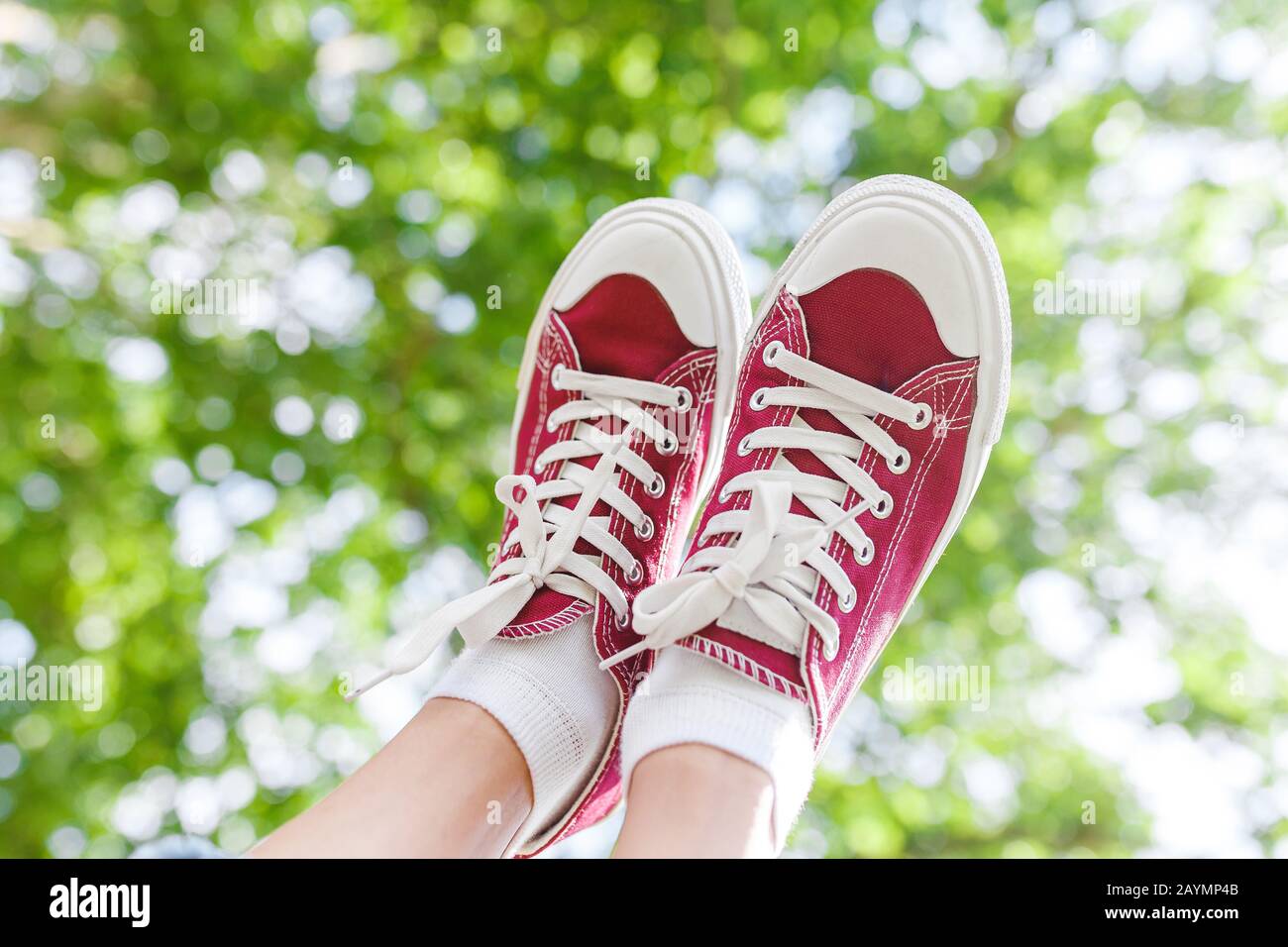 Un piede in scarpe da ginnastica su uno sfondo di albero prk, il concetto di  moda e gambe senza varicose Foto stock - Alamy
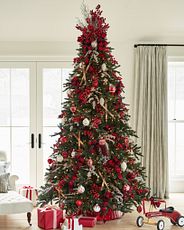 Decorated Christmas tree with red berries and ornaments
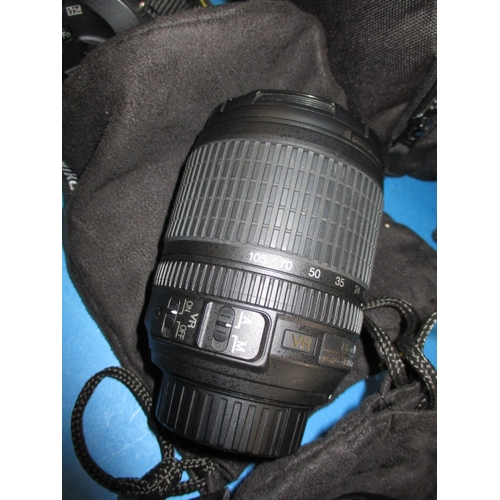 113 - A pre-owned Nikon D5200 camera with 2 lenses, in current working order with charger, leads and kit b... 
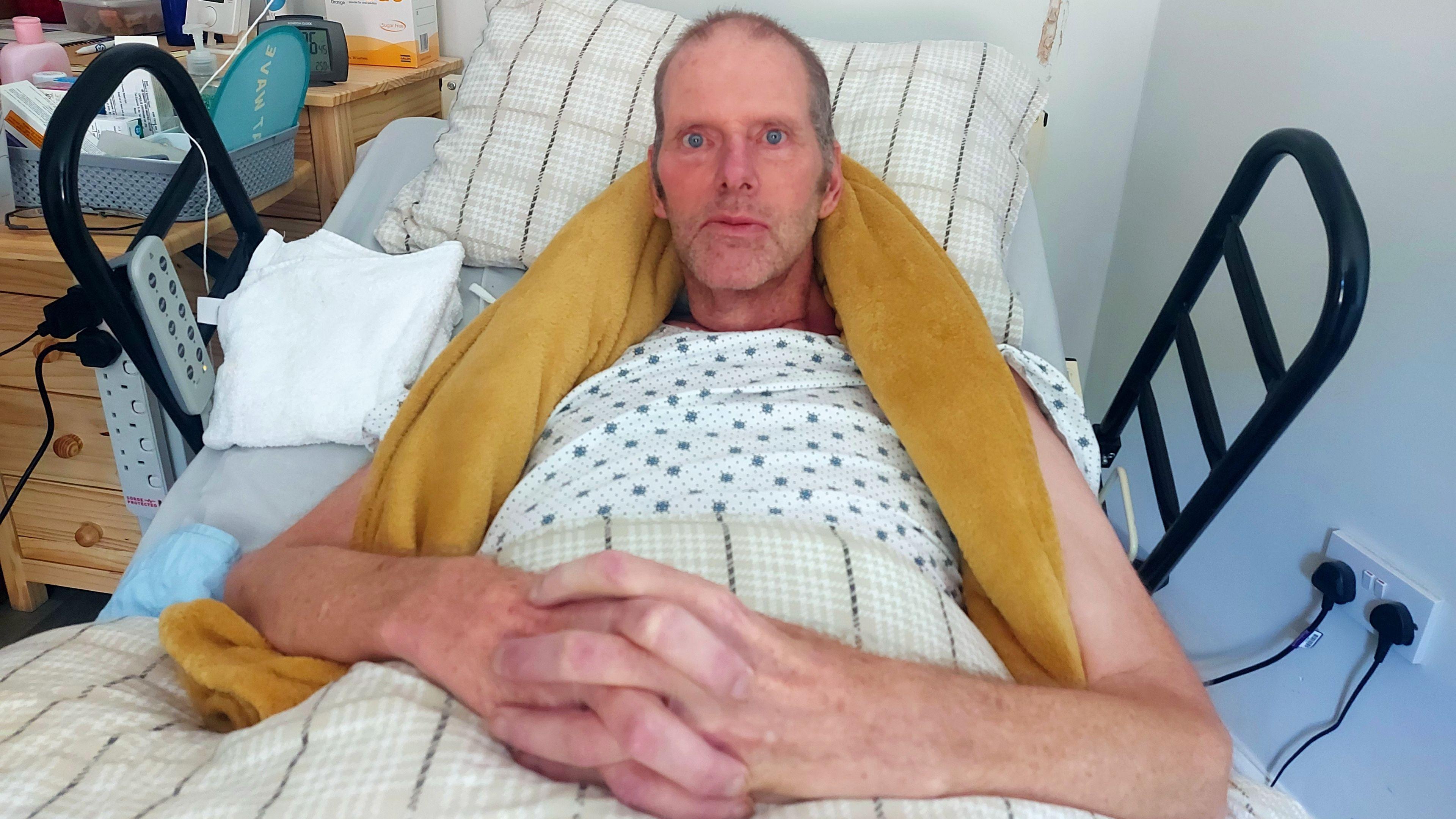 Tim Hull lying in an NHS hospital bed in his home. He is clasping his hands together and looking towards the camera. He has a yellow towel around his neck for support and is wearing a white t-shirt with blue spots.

* * *

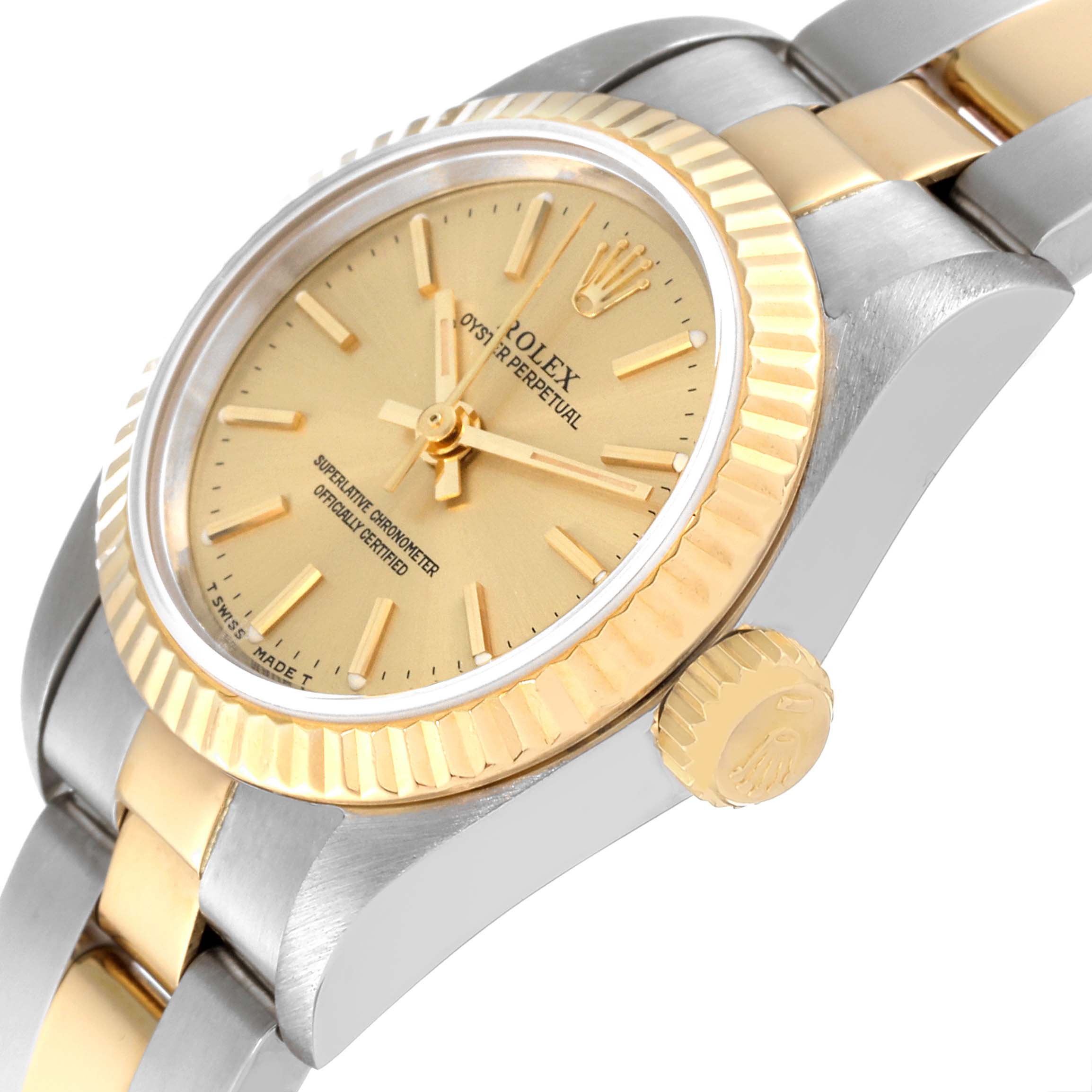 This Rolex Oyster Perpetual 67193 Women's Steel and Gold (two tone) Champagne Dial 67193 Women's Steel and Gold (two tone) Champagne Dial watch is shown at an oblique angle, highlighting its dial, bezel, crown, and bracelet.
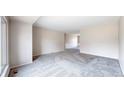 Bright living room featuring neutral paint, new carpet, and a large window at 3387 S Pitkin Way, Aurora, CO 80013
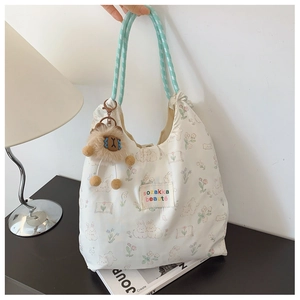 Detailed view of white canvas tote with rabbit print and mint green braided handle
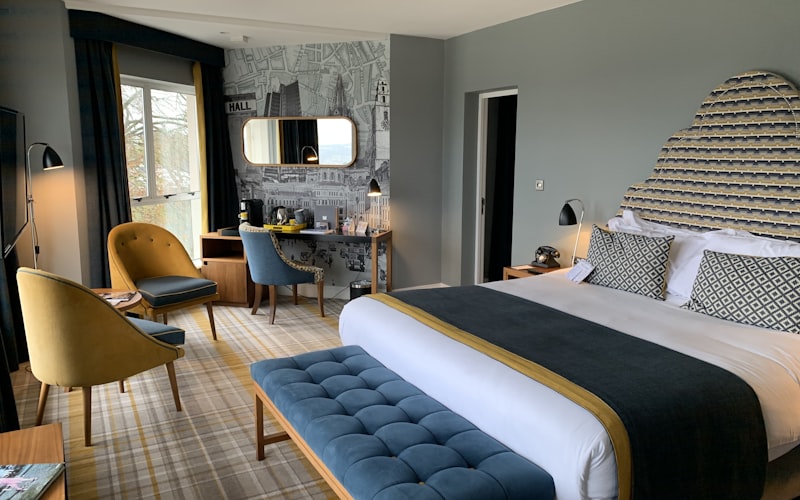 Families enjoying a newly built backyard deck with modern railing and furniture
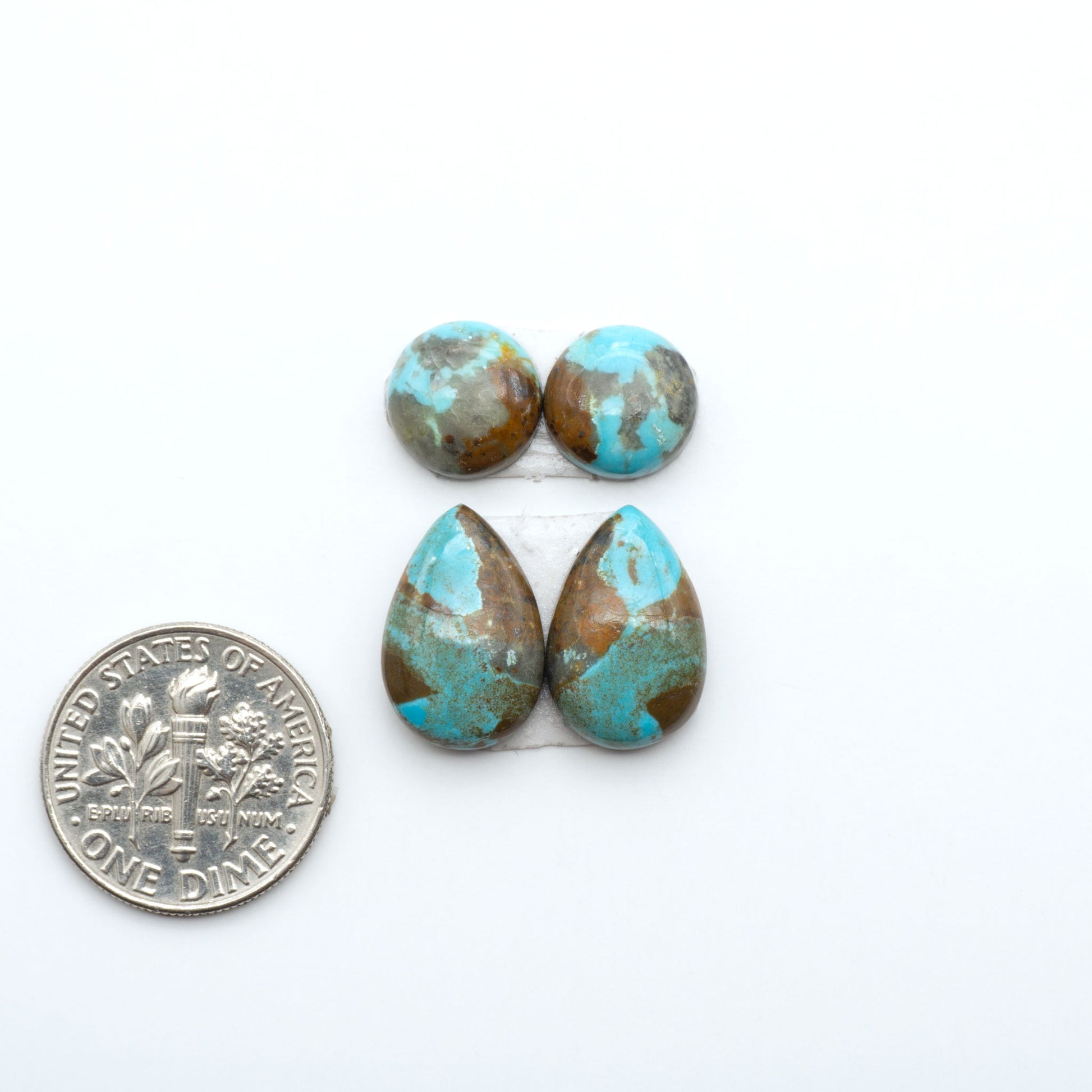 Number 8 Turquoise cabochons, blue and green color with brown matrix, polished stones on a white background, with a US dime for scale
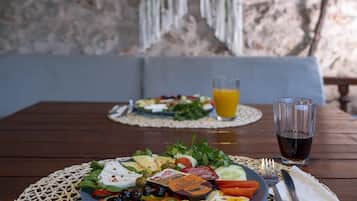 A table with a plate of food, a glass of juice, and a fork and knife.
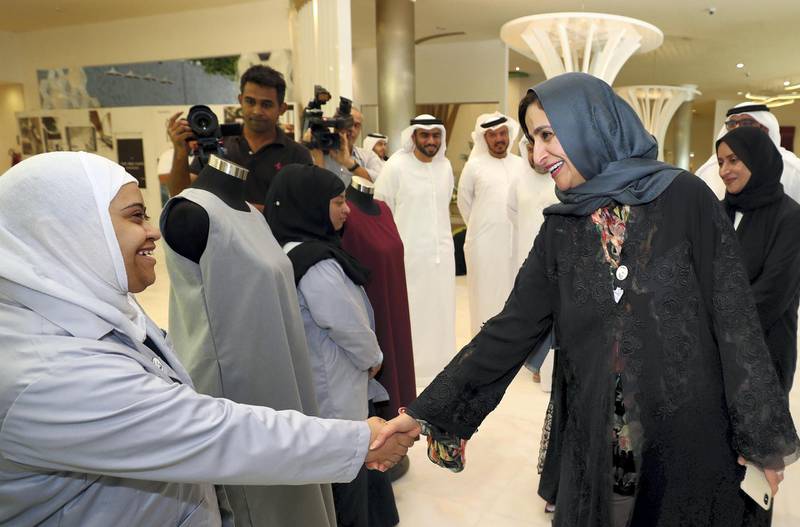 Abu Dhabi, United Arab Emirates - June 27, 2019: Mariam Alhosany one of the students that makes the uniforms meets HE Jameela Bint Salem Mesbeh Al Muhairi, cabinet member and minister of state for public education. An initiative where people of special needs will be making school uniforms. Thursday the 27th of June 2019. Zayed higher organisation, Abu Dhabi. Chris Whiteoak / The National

---

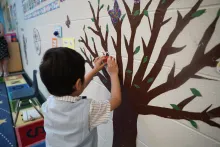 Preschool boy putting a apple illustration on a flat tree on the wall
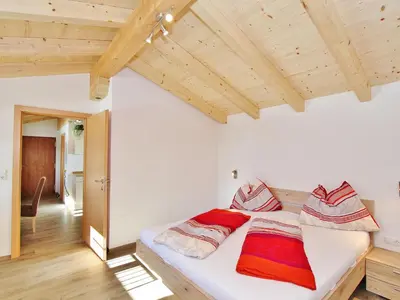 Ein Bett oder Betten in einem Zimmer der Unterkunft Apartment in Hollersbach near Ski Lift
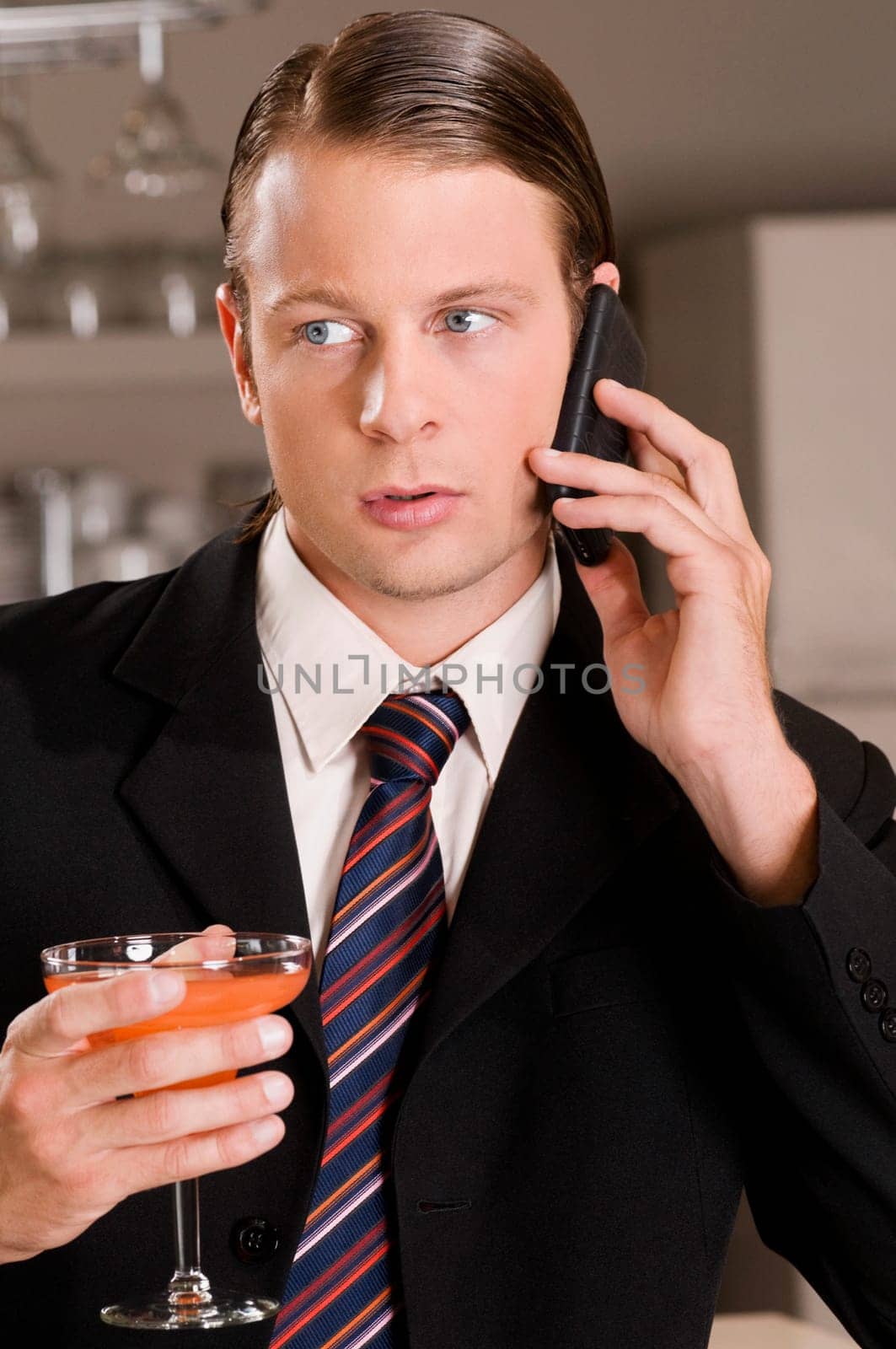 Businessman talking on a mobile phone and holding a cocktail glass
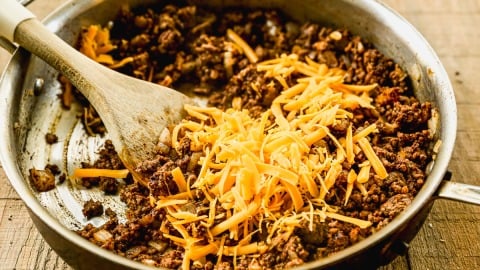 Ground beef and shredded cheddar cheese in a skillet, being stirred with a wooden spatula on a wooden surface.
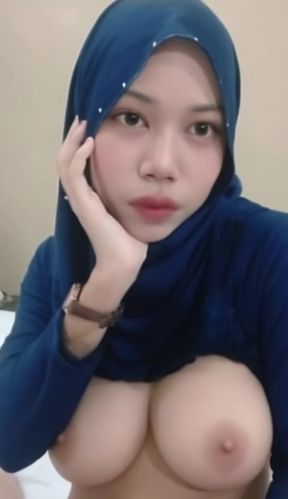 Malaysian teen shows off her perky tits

== Problem requirements ==
What is wanted is an exact copy of the lines above from the one containing "Bright living room" through the one containing "Abu Dhabi, United", with no pictures in it.

== Exercise output ==
 Bright living room featuring neutral paint, new carpet, and a large window at 3387 S Pitkin Way, Aurora, CO 80013
 Detailed view of white canvas tote with rabbit print and mint green braided handle
 Families enjoying a newly built backyard deck with modern railing and furniture
 Number 8 Turquoise cabochons, blue and green color with brown matrix, polished stones on a white background, with a US dime for scale
 A table with a plate of food, a glass of juice, and a fork and knife.
 Abu Dhabi, United Arab Emirates - June 27, 2019: Mariam Alhosany one of the students that makes the uniforms meets HE Jameela Bint Salem Mesbeh Al Muhairi, cabinet member and minister of state for public education. An initiative where people of special needs will be making school uniforms. Thursday the 27th of June 2019. Zayed higher organisation, Abu Dhabi. Chris Whiteoak / The National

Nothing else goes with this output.